◆ WHAT TO PRODUCE
Give back exactly the lines from the one holding "Ornamento De Metal Zen Mastah (Frente)" to the bottom of the material, both included, and nothing more. No pictures.

◆ COLLECTED DATA
────────────────

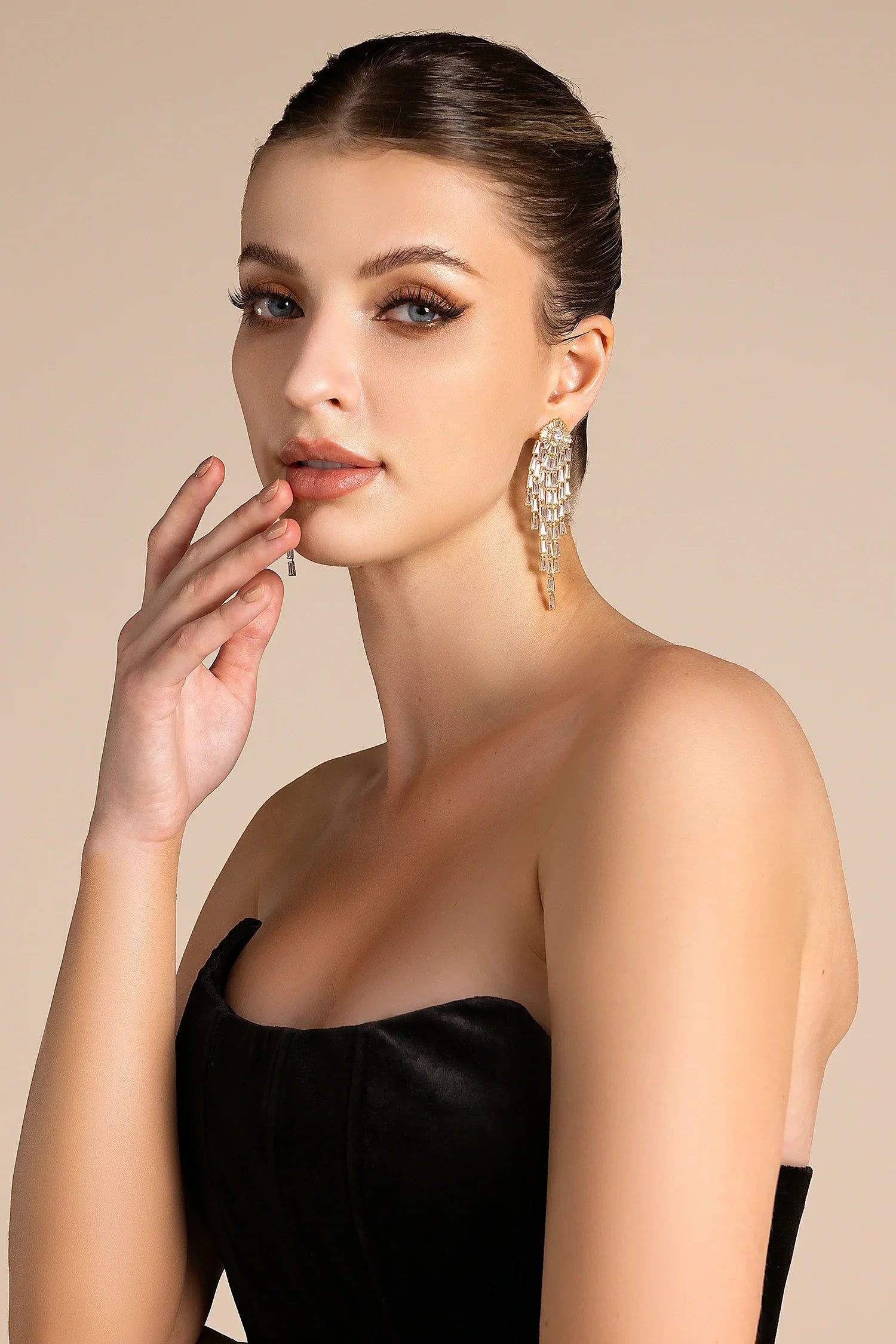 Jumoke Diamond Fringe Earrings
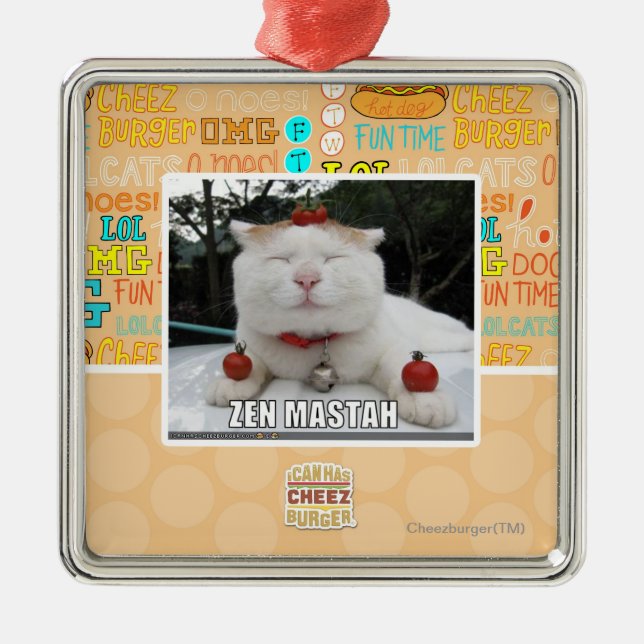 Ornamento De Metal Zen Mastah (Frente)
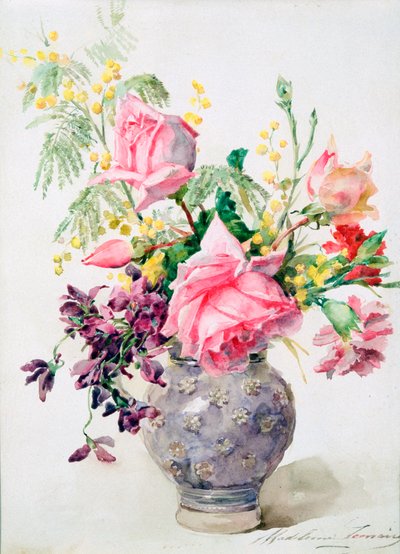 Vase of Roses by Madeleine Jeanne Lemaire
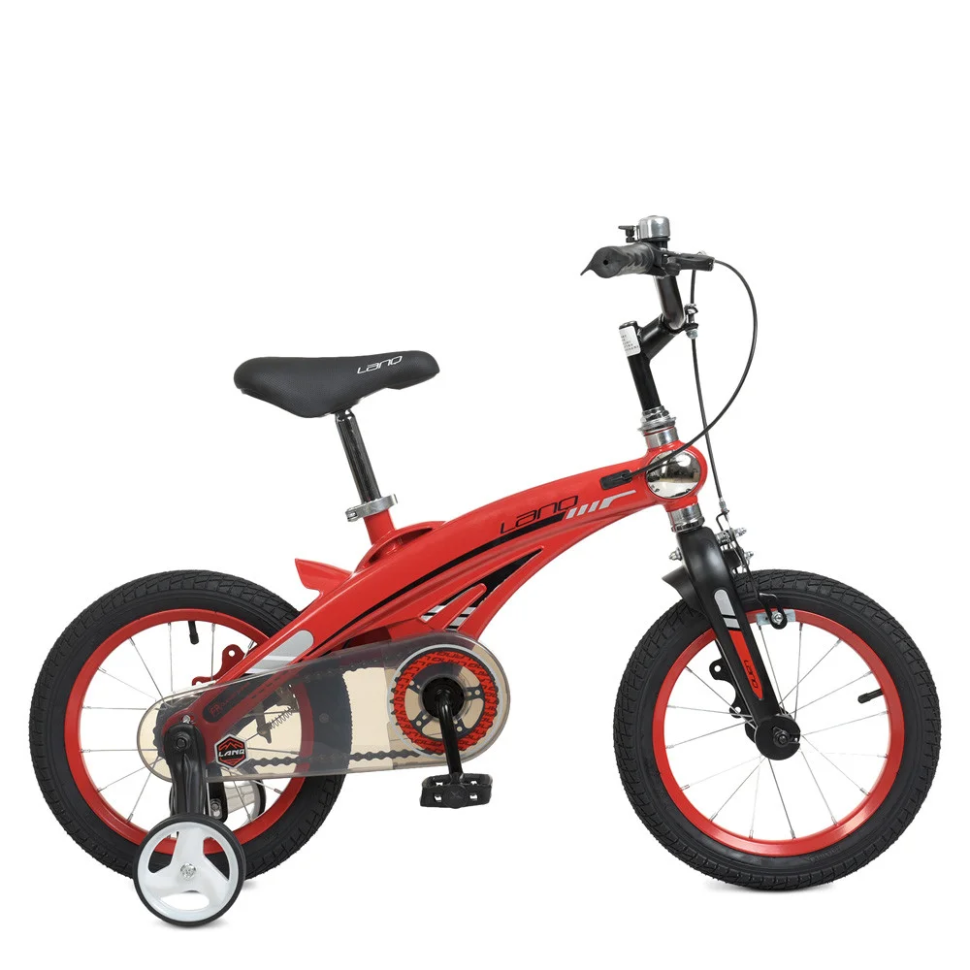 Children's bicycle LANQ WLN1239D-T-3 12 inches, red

────────────────

◆ ANSWER SPACE
 Ornamento De Metal Zen Mastah (Frente)
 Vase of Roses by Madeleine Jeanne Lemaire
 Children's bicycle LANQ WLN1239D-T-3 12 inches, red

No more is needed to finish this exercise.